I was trying to be incremental, and in this section (3.1) trying to describe what I take to be the principles of Linked Data, without specific relation to a JSON representation. Note that in 3.2(13), there is specific mention to associating multiple values with an attribute in JSON.

3. A subject may be given a unique identifier represented using a URI.

I say "A node must have a unique identifier, which may be (or may be transformable to) an IRI".

Yes, in JSON.

4. A subject without a URI is scoped to the document in which it is expressed.
5. A subject without a URI is called a Blank Node (or BNode)
6. A BNode may be given an identifier for intra-document referencing.

No, no, no. No blank nodes. All nodes must have IDs. They don't have to have anything else, so they may be "blank" in various human senses, but they are not anonymous to the machine.

Maybe we just need to invent terms that don't come loaded. My point was that nodes may be externally addressable, and use URIs, or be internally addressable, possibly using identifiers to reference them from within the document.
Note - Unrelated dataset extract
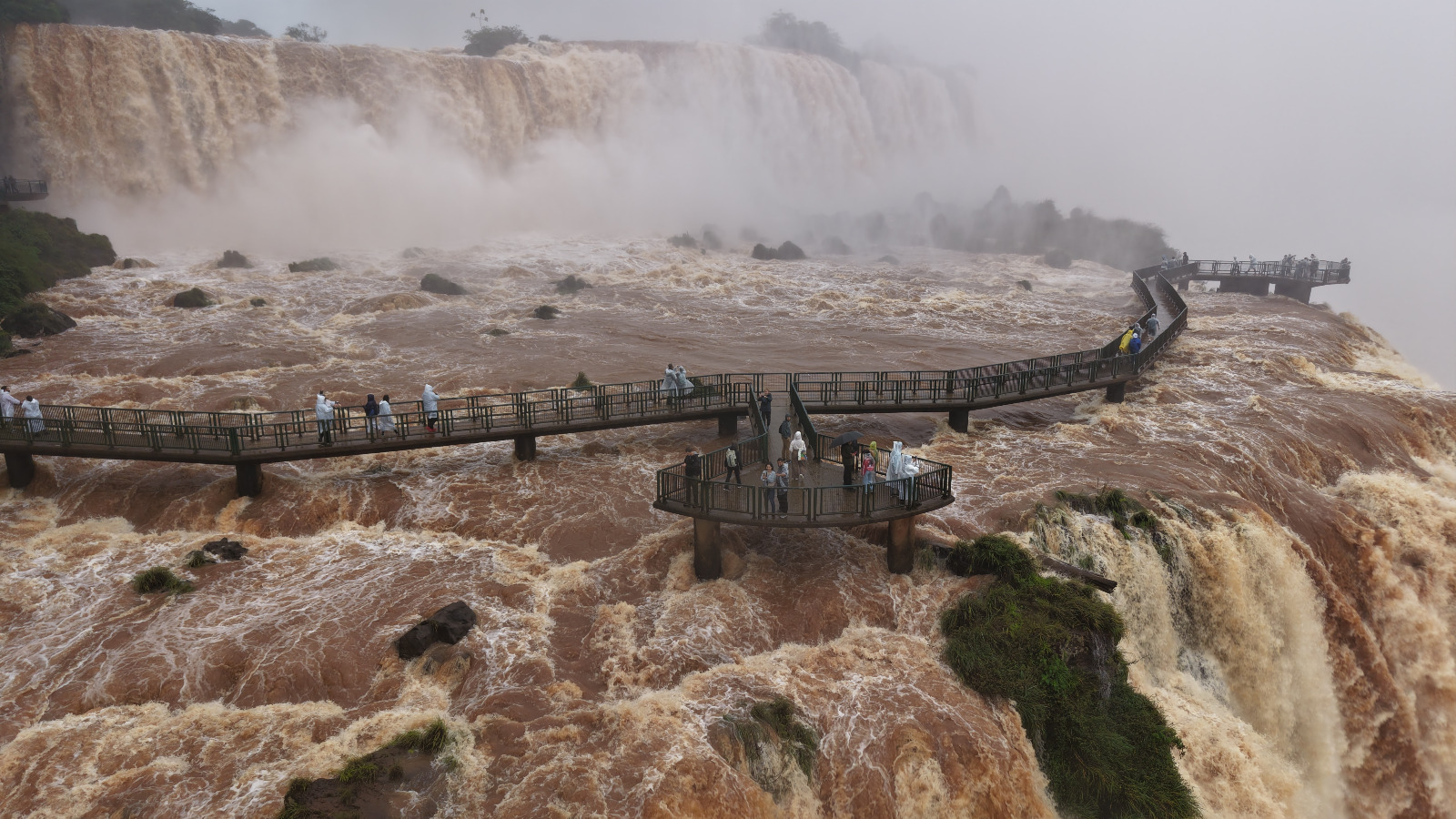 Cataratas lado brasilero: habilitaron al mediodía la pasarela hacia el balcón Garganta del Diablo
If it's linked data, and is externally addressable it MUST have a URI. If it is only internally addressable, then it effectively has the same semantics as a BNode.

7. A predicate describes an edge of the directed graph relating two entities.

I think we've spent decades suffering because relational databases make one-to-many relationships painful, and ordered multiples even more painful. RDF made those same mistakes again. Time to stop. Lists are integral to human reasoning, and should be integral to our data representation. An arc connects a node to an ordered list of targets.

Perhaps it should say "an entity with one or more values." My concern about expressing ordering is that it is inherently a difficult thing to do in many storage systems, and assuming that multi-valued relationships MUST be ordered, is placing an unnecessary burden on systems where ordering is not necessarily important.

8. A predicate should be represented as a URI.

It should be possible to associate a predicate with an IRI, but I don't believe IRIs are very good as actual predicates, any more than they are as column-headings in a table, and even if you want to associate a predicate with an IRI, this is a model-level assertion that should be done once per type-arc, not once per instance assertion. And, in fact, I believe many, many data applications can function perfectly well without their arcs being formally meta-modeled at all.

Yes, in JSON. In LD, it SHOULD/MUST be a URI.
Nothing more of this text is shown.